Thirty Arkton hostages in a Brumton prison in occupied Arkland need to select three of them to be executed by their captives in retribution to the killing of three Brums by the Ark army. They tear down an old letter into thirty pieces, draw a cross on three of them, and alphabetically one after the other draw them out of a shoe. I need the answer of the following,
- What is the probability you are chosen to be executed if you draw 1st from the shoe? Second? Third?
Parts (2) and (3) are not math questions.
For (1), you're right, you have a $\frac3{30}$ chance of drawing a marked piece regardless of your position in line.

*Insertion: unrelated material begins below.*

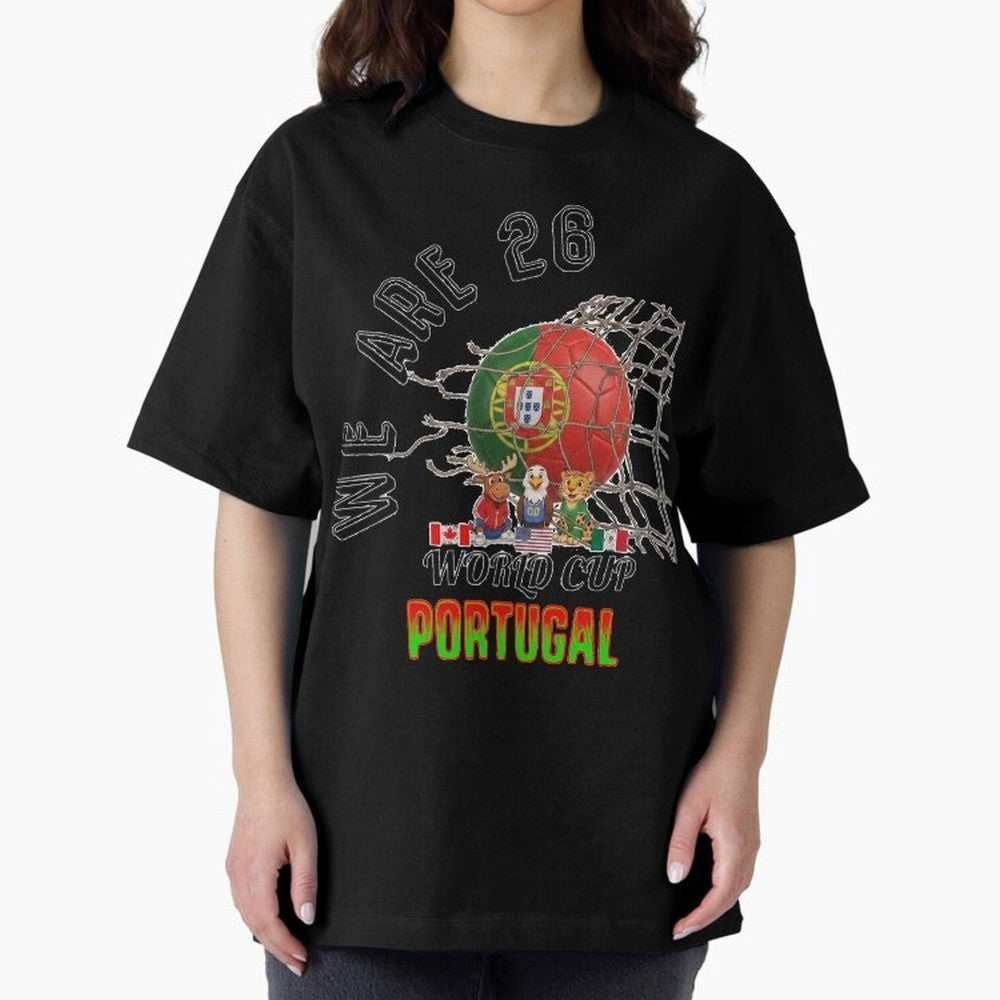World cup 26 - Portugal Oversized T-Shirt Support Iconic Players in FIFA World Cup 2026 Group Stage Celebrating Mbappe and Neymar, Argentina, France and Brazil Energy, Goal Celebration Energy, Supporter Heritage, Football Icons and Worldwide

Here's an attempt to elaborate on the "obvious" symmetry argument: The shoe ensures that all $30!$ permutations of the 30 pieces are equally likely, so by symmetry, each of the $\binom{30}3$ sets of 3 positions is equally likely to be the set that gets the marked pieces. For a given position $i$, there are $\binom{29}2$ such sets that include $i$, so the probability that $i$ ends up in the marked set is $\binom{29}2/\binom{30}3=\frac3{30}$.
Alternatively, you could compute it using conditional probabilities: Let $E_i$ be the event that the $i$th piece drawn is marked. Clearly $P(E_1)=\frac3{30}$. Then $$P(E_2)=P(E_2|E_1)P(E_1)+P(E_2|\lnot E_1)P(\lnot E_1)=\frac2{29}\frac3{30}+\frac3{29}\frac{27}{30}=\frac3{30}.$$ And so on.